*** Opening Collected data ***

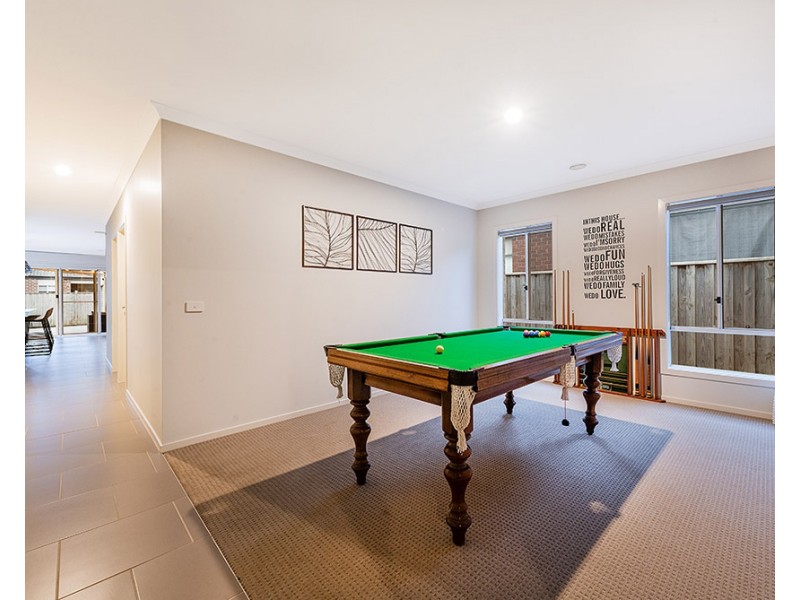 2 Bradshaw Way, Cranbourne East VIC 3977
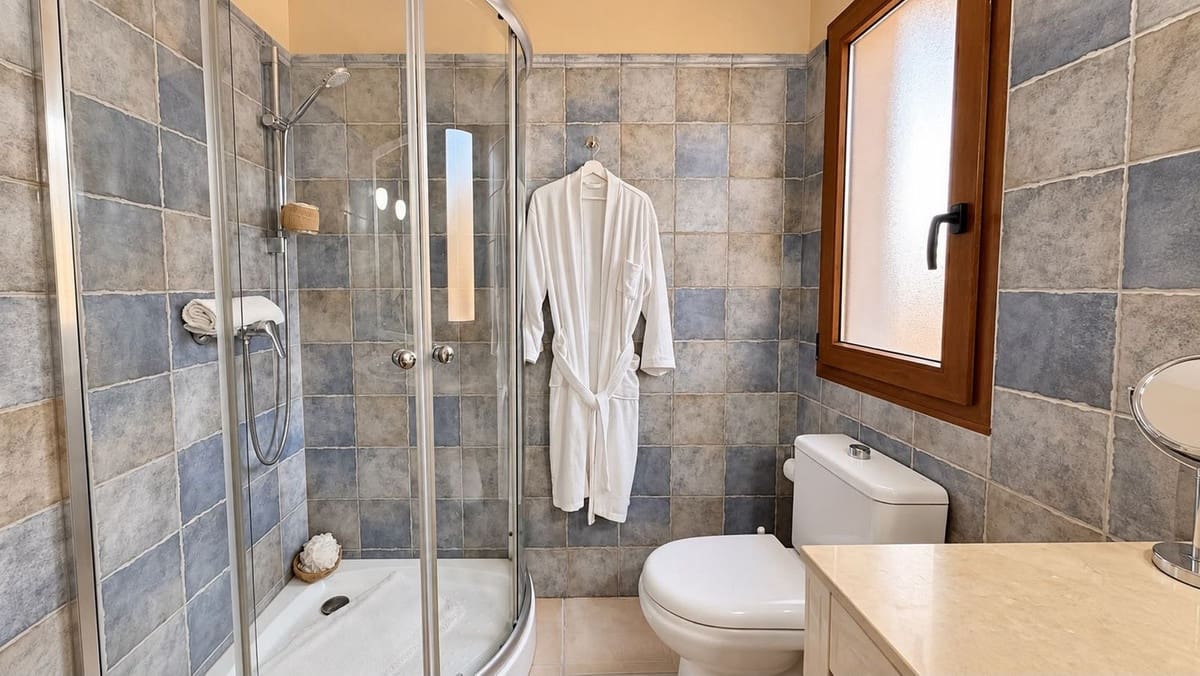 Pareado de 4 habitaciones en Caleta de Fuste en venta con piscina garaje - 450.000 € (Ref: 10114366)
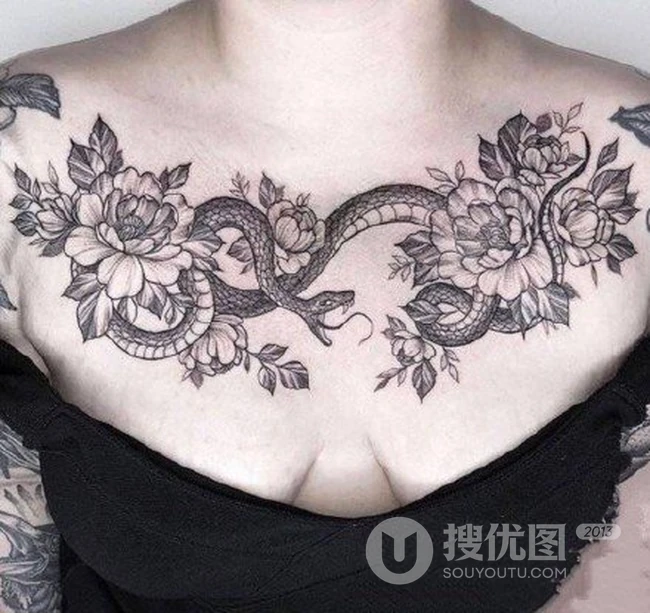 气质、个性、另类的女性胸前，肩胛处花卉类纹身大图案图片作品 第6张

*** Closing Collected data ***

Work request: Would you retype every line shown above exactly, leaving the pictures aside?

Problem solution:
 2 Bradshaw Way, Cranbourne East VIC 3977
 Pareado de 4 habitaciones en Caleta de Fuste en venta con piscina garaje - 450.000 € (Ref: 10114366)
 气质、个性、另类的女性胸前，肩胛处花卉类纹身大图案图片作品 第6张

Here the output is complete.